I commend the LDS church leadership for addressing this issue, yet their strategy saddens me:
On the other hand, however—and extremely alarming—are the reports of the number of individuals who are utilizing the Internet for evil and degrading purposes, the viewing of pornography being the most prevalent of these purposes. My brothers and sisters, involvement in such will literally destroy the spirit. Be strong. Be clean. Avoid such degrading and destructive types of content at all costs—wherever they may be! I sound this warning to everyone, everywhere.…
My beloved friends, under no circumstances allow yourselves to become trapped in the viewing of pornography, one of the most effective of Satan’s enticements. And if you have allowed yourself to become involved in this behavior, cease now. Seek the help you need to overcome and to change the direction of your life. Take the steps necessary to get back on the strait and narrow, and then stay there. (Thomas Monson, April 2009 General Conference)

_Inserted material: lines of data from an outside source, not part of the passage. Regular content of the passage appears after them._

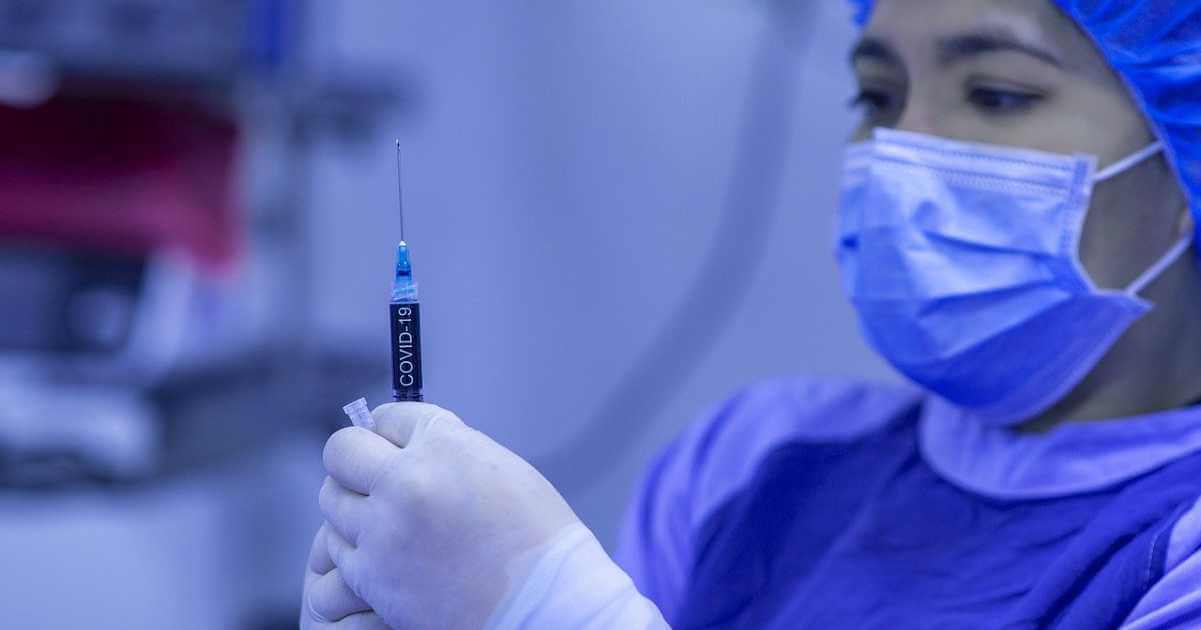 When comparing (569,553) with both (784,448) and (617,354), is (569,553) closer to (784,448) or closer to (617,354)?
(784,448)

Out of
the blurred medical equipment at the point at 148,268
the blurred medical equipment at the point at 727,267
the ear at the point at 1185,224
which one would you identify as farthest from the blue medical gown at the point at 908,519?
the blurred medical equipment at the point at 727,267

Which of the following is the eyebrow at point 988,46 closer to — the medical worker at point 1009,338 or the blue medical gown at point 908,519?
the medical worker at point 1009,338

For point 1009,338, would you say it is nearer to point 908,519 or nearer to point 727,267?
point 908,519

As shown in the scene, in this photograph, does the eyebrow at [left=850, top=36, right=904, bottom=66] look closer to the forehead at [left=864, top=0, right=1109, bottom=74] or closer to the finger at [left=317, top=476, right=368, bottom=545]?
the forehead at [left=864, top=0, right=1109, bottom=74]

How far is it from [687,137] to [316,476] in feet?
2.44

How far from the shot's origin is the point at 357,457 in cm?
68

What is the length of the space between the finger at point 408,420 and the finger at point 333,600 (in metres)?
0.08

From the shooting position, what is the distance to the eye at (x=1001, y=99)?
2.77ft

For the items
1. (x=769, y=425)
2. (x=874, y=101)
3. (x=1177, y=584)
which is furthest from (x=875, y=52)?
(x=1177, y=584)

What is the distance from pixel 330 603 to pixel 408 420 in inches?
4.6

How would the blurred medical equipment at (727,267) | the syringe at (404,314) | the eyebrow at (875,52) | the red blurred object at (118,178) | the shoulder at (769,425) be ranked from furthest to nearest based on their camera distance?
the blurred medical equipment at (727,267)
the red blurred object at (118,178)
the shoulder at (769,425)
the eyebrow at (875,52)
the syringe at (404,314)

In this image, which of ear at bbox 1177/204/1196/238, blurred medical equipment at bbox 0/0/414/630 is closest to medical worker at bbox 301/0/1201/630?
ear at bbox 1177/204/1196/238

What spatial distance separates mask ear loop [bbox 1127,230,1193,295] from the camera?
33.4 inches

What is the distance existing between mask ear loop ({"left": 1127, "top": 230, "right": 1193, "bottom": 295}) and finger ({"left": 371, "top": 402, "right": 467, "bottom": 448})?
0.47 m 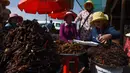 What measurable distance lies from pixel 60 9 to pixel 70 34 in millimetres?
2872

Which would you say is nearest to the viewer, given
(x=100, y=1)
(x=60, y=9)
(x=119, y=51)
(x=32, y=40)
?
(x=32, y=40)

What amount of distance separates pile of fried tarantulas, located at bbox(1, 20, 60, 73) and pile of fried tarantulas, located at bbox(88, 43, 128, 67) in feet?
3.23

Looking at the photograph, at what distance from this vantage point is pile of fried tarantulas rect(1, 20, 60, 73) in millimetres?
3875

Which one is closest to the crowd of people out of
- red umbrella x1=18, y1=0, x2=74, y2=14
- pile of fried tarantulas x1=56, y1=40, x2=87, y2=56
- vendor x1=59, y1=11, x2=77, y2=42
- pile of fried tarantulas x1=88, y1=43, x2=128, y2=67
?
vendor x1=59, y1=11, x2=77, y2=42

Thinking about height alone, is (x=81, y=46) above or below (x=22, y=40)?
below

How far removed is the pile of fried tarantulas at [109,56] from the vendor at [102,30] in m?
0.17

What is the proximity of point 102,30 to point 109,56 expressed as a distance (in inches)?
29.6

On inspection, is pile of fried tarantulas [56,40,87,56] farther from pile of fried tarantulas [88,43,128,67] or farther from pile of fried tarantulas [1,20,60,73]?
pile of fried tarantulas [1,20,60,73]

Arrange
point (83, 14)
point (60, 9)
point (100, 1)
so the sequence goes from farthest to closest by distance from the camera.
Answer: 1. point (100, 1)
2. point (60, 9)
3. point (83, 14)

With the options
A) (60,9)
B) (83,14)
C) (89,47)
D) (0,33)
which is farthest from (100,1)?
(0,33)

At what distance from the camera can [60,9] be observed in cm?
961

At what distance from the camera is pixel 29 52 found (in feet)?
13.0

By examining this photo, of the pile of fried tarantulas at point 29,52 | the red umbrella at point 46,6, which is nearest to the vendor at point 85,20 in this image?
the red umbrella at point 46,6

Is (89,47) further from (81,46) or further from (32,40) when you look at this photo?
(32,40)
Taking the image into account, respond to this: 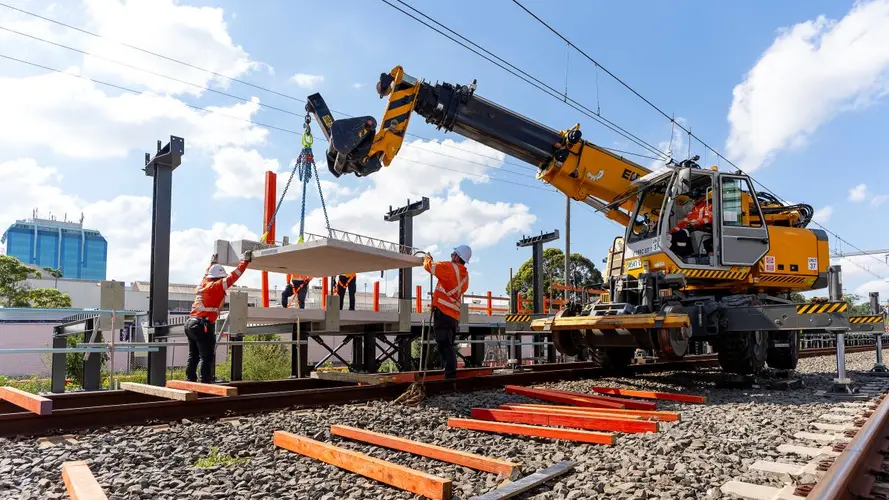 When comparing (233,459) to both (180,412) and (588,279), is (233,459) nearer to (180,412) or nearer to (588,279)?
(180,412)

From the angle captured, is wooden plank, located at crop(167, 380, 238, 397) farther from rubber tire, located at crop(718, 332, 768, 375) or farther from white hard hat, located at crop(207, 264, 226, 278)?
rubber tire, located at crop(718, 332, 768, 375)

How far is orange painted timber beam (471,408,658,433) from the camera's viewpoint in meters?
4.95

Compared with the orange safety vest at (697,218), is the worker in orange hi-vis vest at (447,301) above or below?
below

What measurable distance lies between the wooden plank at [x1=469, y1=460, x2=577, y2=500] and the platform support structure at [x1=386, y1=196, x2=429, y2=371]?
8.78 metres

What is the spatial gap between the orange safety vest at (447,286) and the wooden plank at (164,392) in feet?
10.5

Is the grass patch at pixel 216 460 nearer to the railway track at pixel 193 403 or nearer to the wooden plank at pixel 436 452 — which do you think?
the wooden plank at pixel 436 452

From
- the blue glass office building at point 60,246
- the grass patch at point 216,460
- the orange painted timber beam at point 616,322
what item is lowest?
the grass patch at point 216,460

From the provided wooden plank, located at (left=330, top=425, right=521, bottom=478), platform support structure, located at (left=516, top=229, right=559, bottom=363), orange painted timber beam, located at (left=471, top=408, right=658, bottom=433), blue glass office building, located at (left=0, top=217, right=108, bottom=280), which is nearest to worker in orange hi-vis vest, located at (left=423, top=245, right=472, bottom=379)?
orange painted timber beam, located at (left=471, top=408, right=658, bottom=433)

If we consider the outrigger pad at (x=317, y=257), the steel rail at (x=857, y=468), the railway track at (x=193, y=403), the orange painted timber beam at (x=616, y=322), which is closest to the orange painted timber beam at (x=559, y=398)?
the railway track at (x=193, y=403)

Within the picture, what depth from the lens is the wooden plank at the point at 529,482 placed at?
3.09 m

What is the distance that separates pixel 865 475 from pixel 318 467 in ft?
11.7

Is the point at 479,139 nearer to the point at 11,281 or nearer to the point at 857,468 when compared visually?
the point at 857,468

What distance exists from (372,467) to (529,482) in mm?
975

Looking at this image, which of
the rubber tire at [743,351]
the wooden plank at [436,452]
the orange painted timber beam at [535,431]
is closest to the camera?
the wooden plank at [436,452]
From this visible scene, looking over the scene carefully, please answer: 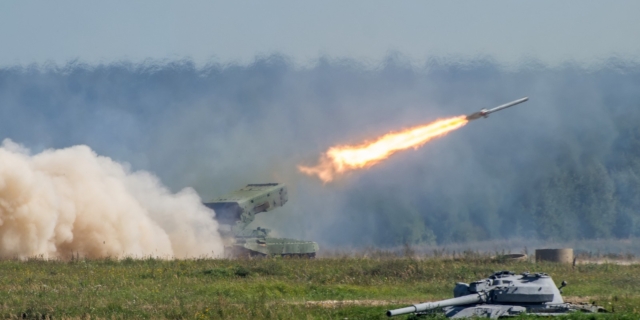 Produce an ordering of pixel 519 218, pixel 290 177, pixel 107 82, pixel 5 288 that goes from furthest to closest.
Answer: pixel 107 82, pixel 519 218, pixel 290 177, pixel 5 288

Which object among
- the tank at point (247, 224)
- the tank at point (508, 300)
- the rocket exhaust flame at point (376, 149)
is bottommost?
the tank at point (508, 300)

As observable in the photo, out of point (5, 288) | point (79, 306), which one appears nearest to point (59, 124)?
point (5, 288)

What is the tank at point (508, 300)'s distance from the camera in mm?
19344

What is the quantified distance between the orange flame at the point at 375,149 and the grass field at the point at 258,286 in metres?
3.08

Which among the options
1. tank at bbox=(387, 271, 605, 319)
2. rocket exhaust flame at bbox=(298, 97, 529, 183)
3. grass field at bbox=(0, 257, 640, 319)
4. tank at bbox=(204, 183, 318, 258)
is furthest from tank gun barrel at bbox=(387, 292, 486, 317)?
tank at bbox=(204, 183, 318, 258)

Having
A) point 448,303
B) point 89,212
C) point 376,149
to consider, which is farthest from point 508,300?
point 89,212

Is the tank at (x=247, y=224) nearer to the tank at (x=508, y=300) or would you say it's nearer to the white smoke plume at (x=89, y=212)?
the white smoke plume at (x=89, y=212)

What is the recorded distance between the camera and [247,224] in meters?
38.4

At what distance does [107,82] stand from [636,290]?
107ft

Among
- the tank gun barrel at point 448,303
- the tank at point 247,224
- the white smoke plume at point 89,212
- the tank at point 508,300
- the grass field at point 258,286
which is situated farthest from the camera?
the tank at point 247,224

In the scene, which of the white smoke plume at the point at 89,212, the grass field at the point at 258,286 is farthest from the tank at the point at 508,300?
the white smoke plume at the point at 89,212

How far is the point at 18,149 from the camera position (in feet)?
123

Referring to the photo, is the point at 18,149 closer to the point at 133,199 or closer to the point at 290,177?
the point at 133,199

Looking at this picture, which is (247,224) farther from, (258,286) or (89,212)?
(258,286) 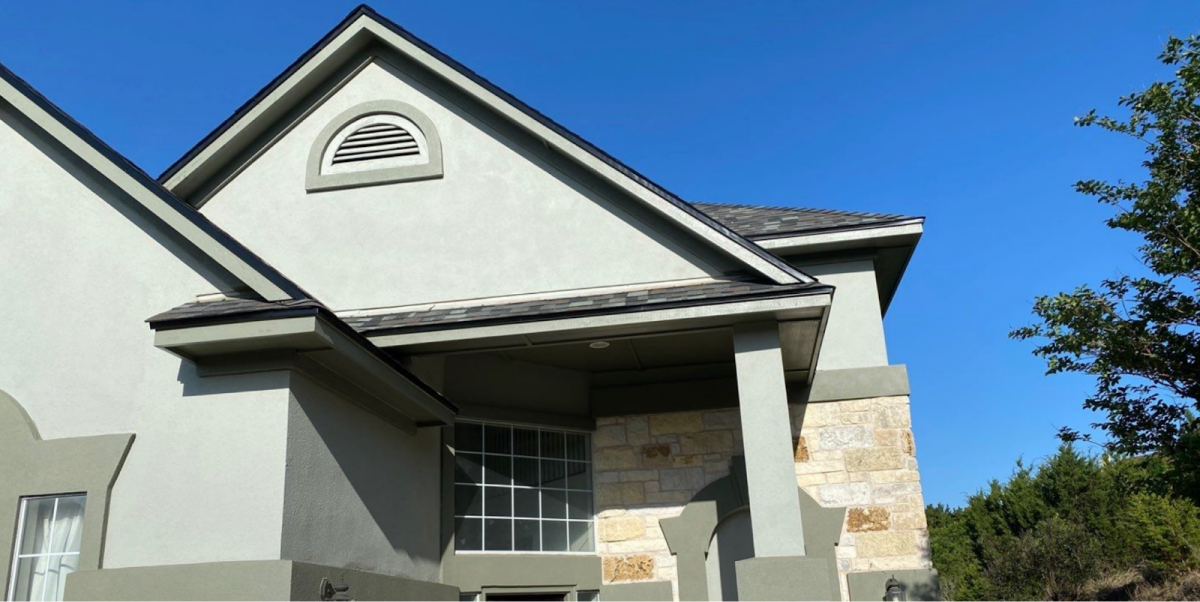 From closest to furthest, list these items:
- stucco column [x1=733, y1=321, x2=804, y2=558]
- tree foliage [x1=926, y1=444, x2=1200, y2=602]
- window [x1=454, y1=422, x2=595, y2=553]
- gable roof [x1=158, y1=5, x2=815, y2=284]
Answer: stucco column [x1=733, y1=321, x2=804, y2=558] → gable roof [x1=158, y1=5, x2=815, y2=284] → window [x1=454, y1=422, x2=595, y2=553] → tree foliage [x1=926, y1=444, x2=1200, y2=602]

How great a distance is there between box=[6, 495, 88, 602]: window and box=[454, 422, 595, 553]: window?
12.4ft

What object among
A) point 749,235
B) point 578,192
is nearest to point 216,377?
point 578,192

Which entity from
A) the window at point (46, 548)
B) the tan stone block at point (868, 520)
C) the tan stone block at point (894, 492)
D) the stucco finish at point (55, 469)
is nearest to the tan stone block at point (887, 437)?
the tan stone block at point (894, 492)

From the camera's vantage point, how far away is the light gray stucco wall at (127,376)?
7.14 m

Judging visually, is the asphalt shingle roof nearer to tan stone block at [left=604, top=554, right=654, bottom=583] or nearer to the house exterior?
the house exterior

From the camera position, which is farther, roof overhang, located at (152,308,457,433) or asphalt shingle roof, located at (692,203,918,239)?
asphalt shingle roof, located at (692,203,918,239)

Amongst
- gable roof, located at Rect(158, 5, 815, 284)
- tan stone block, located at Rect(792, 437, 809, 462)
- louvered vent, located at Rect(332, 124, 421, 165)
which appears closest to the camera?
gable roof, located at Rect(158, 5, 815, 284)

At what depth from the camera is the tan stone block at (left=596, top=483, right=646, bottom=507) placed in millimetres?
11008

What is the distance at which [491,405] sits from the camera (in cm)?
1052

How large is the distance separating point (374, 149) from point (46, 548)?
5176mm

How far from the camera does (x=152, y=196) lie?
323 inches

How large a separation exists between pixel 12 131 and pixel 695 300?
22.0 feet

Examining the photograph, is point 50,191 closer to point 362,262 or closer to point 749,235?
point 362,262

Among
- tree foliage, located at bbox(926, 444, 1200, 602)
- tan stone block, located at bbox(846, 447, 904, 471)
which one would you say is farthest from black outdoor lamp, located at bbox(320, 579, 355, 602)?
tree foliage, located at bbox(926, 444, 1200, 602) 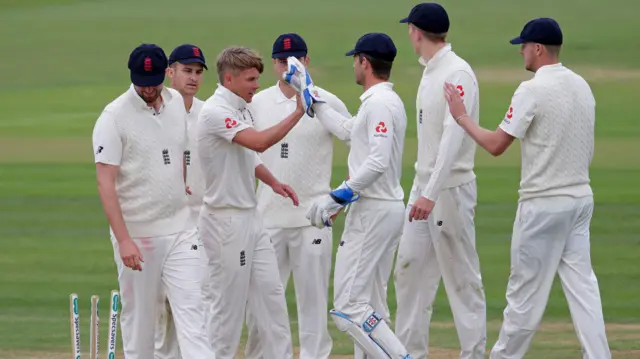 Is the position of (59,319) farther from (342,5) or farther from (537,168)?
(342,5)

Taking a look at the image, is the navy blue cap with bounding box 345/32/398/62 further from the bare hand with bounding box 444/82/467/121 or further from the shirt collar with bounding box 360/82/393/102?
the bare hand with bounding box 444/82/467/121

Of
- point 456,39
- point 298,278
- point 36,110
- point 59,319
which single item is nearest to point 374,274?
point 298,278

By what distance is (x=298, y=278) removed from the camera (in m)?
9.20

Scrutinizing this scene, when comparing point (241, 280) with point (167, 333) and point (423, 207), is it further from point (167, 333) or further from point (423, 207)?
point (423, 207)

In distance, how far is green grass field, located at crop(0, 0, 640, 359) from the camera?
1182cm

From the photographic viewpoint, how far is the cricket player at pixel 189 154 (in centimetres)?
888

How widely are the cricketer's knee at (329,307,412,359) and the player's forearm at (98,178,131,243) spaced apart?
4.80 feet

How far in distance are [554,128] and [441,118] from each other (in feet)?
2.60

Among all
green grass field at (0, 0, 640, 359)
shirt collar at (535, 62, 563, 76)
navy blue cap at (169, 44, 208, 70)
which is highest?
navy blue cap at (169, 44, 208, 70)

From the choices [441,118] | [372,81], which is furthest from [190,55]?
[441,118]

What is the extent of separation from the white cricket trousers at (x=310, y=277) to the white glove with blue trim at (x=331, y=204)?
812 millimetres

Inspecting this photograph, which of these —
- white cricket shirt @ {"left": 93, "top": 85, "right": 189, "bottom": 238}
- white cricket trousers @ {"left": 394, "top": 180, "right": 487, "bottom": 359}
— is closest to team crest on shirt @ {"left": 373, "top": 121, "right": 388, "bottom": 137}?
white cricket trousers @ {"left": 394, "top": 180, "right": 487, "bottom": 359}

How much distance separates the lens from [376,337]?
26.6ft

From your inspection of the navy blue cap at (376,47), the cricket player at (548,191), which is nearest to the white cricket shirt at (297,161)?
the navy blue cap at (376,47) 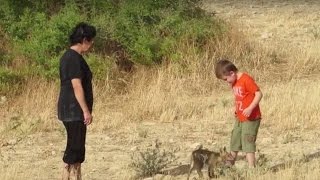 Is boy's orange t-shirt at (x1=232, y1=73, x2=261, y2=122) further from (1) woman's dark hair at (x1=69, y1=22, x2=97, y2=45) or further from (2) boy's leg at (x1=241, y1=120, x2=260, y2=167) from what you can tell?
(1) woman's dark hair at (x1=69, y1=22, x2=97, y2=45)

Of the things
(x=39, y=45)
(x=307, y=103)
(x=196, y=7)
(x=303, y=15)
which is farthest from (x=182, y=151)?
(x=303, y=15)

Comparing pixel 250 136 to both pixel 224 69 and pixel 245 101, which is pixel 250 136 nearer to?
pixel 245 101

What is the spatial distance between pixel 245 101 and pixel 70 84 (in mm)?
1760

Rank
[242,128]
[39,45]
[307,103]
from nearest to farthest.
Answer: [242,128] < [307,103] < [39,45]

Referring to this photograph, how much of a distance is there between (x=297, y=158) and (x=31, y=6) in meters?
8.27

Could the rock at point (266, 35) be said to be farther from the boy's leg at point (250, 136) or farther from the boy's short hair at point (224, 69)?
the boy's short hair at point (224, 69)

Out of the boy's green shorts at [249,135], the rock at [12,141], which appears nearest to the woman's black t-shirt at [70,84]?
the boy's green shorts at [249,135]

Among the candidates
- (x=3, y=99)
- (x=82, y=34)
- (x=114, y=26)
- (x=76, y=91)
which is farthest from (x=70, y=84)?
(x=114, y=26)

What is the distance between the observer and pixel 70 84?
6.80 meters

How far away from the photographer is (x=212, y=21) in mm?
15125

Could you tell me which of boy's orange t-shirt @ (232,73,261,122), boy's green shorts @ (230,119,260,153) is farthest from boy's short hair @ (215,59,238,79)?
boy's green shorts @ (230,119,260,153)

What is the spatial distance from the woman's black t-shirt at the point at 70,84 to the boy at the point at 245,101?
1.30 m

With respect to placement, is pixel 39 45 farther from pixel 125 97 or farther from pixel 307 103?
pixel 307 103

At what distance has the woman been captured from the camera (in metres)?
6.72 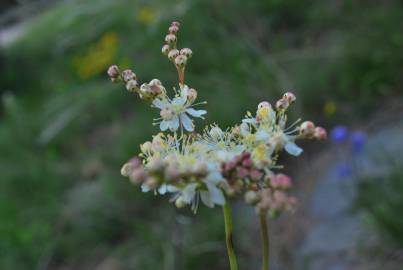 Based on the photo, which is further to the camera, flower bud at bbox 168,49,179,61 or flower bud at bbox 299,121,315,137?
flower bud at bbox 168,49,179,61

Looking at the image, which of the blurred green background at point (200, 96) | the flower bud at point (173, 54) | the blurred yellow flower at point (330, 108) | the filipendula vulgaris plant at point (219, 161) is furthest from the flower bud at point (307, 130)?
the blurred yellow flower at point (330, 108)

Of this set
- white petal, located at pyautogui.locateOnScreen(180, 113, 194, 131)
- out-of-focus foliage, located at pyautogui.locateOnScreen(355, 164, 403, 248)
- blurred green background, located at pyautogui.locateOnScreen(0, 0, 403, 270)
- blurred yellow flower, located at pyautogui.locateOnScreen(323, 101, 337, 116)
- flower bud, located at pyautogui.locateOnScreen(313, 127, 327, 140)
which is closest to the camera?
flower bud, located at pyautogui.locateOnScreen(313, 127, 327, 140)

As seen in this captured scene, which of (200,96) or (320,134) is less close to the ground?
(200,96)

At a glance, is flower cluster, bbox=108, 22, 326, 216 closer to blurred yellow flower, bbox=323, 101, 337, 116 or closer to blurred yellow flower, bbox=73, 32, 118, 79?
blurred yellow flower, bbox=323, 101, 337, 116

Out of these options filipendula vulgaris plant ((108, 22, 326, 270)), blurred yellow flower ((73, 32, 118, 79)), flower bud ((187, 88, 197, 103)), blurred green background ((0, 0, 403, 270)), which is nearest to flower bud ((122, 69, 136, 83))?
filipendula vulgaris plant ((108, 22, 326, 270))

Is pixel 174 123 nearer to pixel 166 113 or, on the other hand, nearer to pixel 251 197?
pixel 166 113

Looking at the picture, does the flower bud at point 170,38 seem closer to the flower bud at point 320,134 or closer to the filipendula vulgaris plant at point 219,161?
the filipendula vulgaris plant at point 219,161

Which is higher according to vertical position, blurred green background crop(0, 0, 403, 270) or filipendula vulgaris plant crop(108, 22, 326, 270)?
blurred green background crop(0, 0, 403, 270)

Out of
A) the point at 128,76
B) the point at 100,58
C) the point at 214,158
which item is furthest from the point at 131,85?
the point at 100,58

They think it best to heap on more fear and guilt for being a sexual being before you are married. The LDS—and American—fascination with sex results from a perverse set of mixed messages. I fell prey to that fascination as a child and only recently escaped. I appreciate that many of us believe we should protect children from their sexuality while (married) adults can properly enjoy sexuality away from their fragile eyes. But I see an analogy to the cultures that have high levels of alcoholism.
I recently rejected that culture and its mixed messages too. I learned to be titillated by sexual material—a healthy human response—and yet to avoid being swept away by guilt or fear. In truth, sexuality has lost some of its naughty savor as it became an ordinary part of my life enjoyed in moderation.
I suggest that we change our messages about sex to the next generation. Rather than sending them the message that seeing adult nudity is too dangerous for children, we should make nudity perfectly ordinary. I don’t foresee becoming a nudist, but viewing fine art nudes—along with other fine arts—could become an ordinary, nourishing part of childhood. We can divorce nudity from sexuality.
Likewise, we could give balanced information about sexuality and its consequences instead of short, uncomfortable, shamed discussions or over-the-top portrayals of sex in the movies. What our children need is real information.
If pornography becomes epidemic despite all our efforts, we must conclude that what we’re doing doesn’t work. We need to set aside our ideologies and ask ourselves what helps our children to grow up healthy and happy. Perhaps it is time to become more comfortable with sexuality, teaching our children through our examples how to enjoy it responsibly.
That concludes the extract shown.